Record excerpts —
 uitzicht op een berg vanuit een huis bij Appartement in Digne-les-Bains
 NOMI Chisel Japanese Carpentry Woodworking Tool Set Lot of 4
==
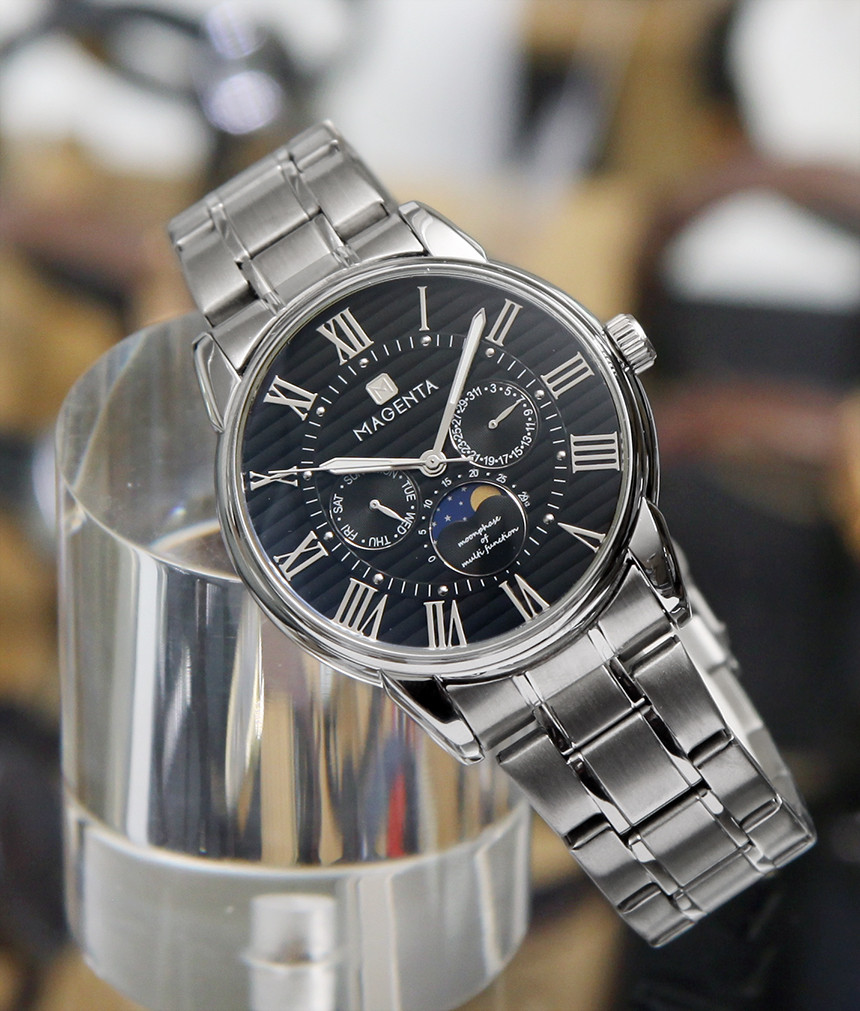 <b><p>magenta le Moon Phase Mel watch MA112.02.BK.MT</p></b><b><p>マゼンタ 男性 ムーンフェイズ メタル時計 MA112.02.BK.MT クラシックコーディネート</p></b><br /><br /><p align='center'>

About this task — Copy the lines of the data above exactly as written, beginning with the line containing "uitzicht op een" and ending with the line containing "NOMI Chisel Japanese", and leave out all other lines.

Output below —
 uitzicht op een berg vanuit een huis bij Appartement in Digne-les-Bains
 NOMI Chisel Japanese Carpentry Woodworking Tool Set Lot of 4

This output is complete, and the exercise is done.